**What to work on**
Begin at the line holding "Clevite Engine Connecting" and set down exactly each line through the last one below, omitting pictures. Include nothing else.

**Recorded information**
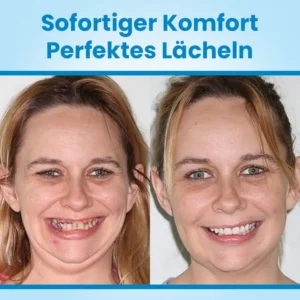 EasyFit Silikon-Prothesenset - Image 5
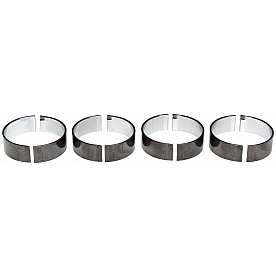 Clevite Engine Connecting Rod Bearing Set - CB-1992A(4)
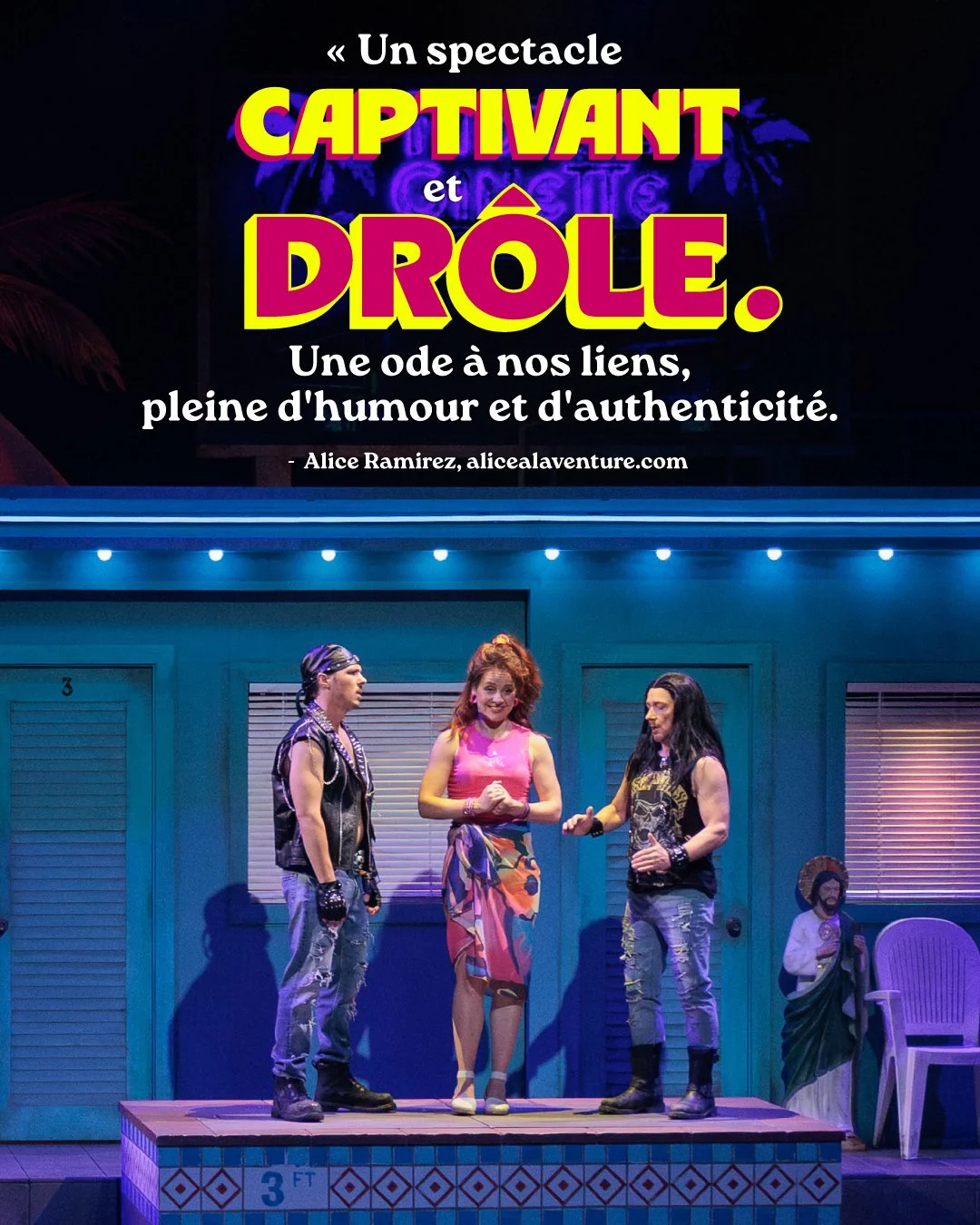 LaFlorida_Critiques-Premiere_1080x1350_06b.jpg
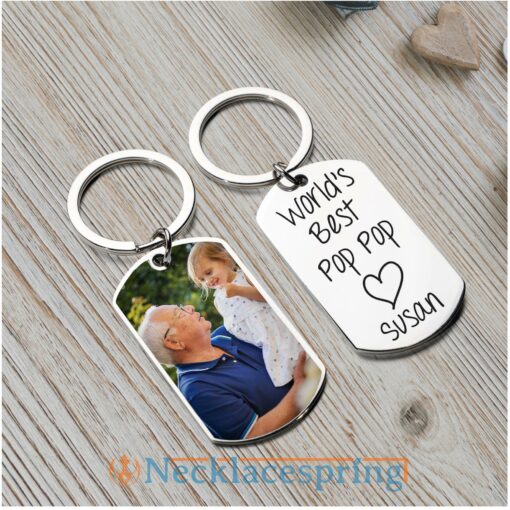 custom-photo-keychain-personalized-gifts-for-grandpa-fathers-day-gifts-first-time-grandparent-gifts-grandpa-birthday-gift-worlds-best-grandpa-papa-gifts-QZ-1688177900.jpg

**Response**
 Clevite Engine Connecting Rod Bearing Set - CB-1992A(4)
 LaFlorida_Critiques-Premiere_1080x1350_06b.jpg
 custom-photo-keychain-personalized-gifts-for-grandpa-fathers-day-gifts-first-time-grandparent-gifts-grandpa-birthday-gift-worlds-best-grandpa-papa-gifts-QZ-1688177900.jpg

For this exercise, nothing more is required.